Конец 1910-х — начало 1920-х годов в Москве — время стремительного увеличения количества телефонов в многочисленных бюрократических, армейских и иных учреждениях. В 1918 году был подписан Декрет Совнаркома «О пользовании московскими городскими телефонами» — он требовал передать все московские телефоны в распоряжение особой комиссии. Аппаратами в первую очередь должны были быть обеспечены отделения милиции, военные комендатуры, учреждения и предприятия города, и только после них — частные лица. В 1920 году еще один декрет обязал Наркомат почт и телеграфа реквизировать часть телефонов личного пользования «для основных хозяйственных нужд и стратегических целей».
В стихах московских поэтов начала 1920-х телефон все еще осознается как элемент частной жизни. Но по мере становления новой организации общества номер телефона — именно номер, а не сам аппарат — все в большей степени осмысляется как маркер публичного пространства. Процесс этот завершается к концу 1920-х годов.
В 1923 году Владимир Маяковский пишет поэму «Про это». Телефонный номер в ней — почти самостоятельный, наделенный активностью персонаж: он бежит от героя, переживающего разлуку с любимой женщиной, к телефонистке, а затем — к героине (главка так и называется «По кабелю пущен номер»). Повествователь сливается с телефоном в единое «электрическое существо»: «Моментально молния телом забегала» (на дисках тогдашних телефонных аппаратов, которые производились в России, были изображены две скрещенные молнии).
Дыры
сверля
в доме,
взмыв
Мясницкую
пашней,
рвя
кабель,
номер
пулей
летел
барышне.
Смотрел осовело барышнин глаз —
под праздник работай за двух.
Красная лампа опять зажглась.
Позвонила!
Огонь потух.
И вдруг
как по лампам пошл? куролесить,
вся сеть телефонная рвется на нити.
— 67–10!
Соедините! —
В проулок!
Скорей!
Водопьяному в тишь!
Ух!
А то с электричеством станется —
под Рождество
на воздух взлетишь
со всей
со своей
телефонной
станцией[541].
67–10 — это подлинный московский телефон Лили Брик в 1923 году.

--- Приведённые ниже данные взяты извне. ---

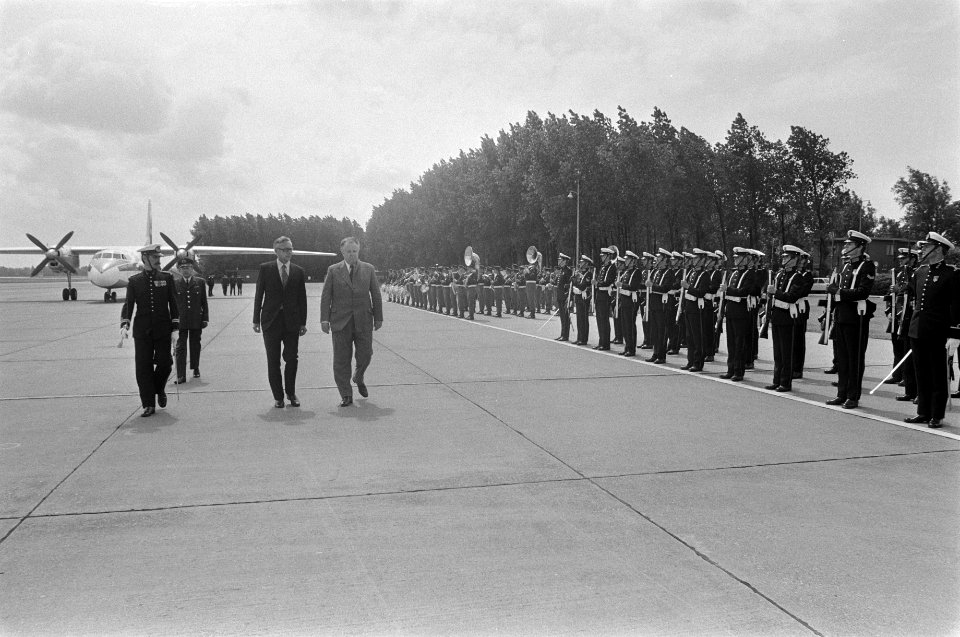Poolse Minister van BZ in Nederland, minister Olzowski en minister Van der Stoel, Bestanddeelnr 927-2944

В дни «добровольного заключения» Маяковского, его сознательной изоляции от любимой женщины и была написана поэма[542]. В первом ее отдельном издании были помещены коллажи Александра Родченко (выполненные на основе фотографий работы Абрама Штеренберга), в которые среди фрагментов киноплакатов и иных «отвлеченных» изображений были включены фотографии Лили Брик, Маяковского и его личных вещей — например, крюшонницы (из воспоминаний о поэте известно, что Маяковский любил крюшон).

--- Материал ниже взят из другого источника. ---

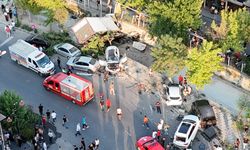 Freni patlayan kamyon 10 araca çarpıp, kanala düştü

Из всех произведений Маяковского поэма «Про это» была в наибольшей степени основана на представлении приватного как публичного, демонстрации интимных переживаний конкретного человека как явления, значимого для всего общества[543]. Е. Евгеньев проницательно заметил, что эта «транспозиция» базировалась на идее театральности, пронизывавшей атмосферу домашнего салона Бриков. «Театр для себя» Маяковский превратил в «театр для других», и такая жизнетворческая акция была поддержана иллюстрациями Родченко[544]. К этой мысли следует добавить: и театральность, и необходимость произведенной в поэме инверсии были результатами одного и того же психологического импульса. И собственному опыту, и сексуальной утопии «немещанской», неконвенциональной любви, мотивировавшей m?nage-a-trois Бриков и Маяковского, поэт придавал значение образца, но не идеального, а реально существующего. В этих условиях любая деталь, в том числе и подлинный номер телефона, указывала на не-идеальность и тем самым подлинность образца и в то же время призвана была «переворачивать» общепринятые социальные конвенции, провоцируя революцию в сознании читателя.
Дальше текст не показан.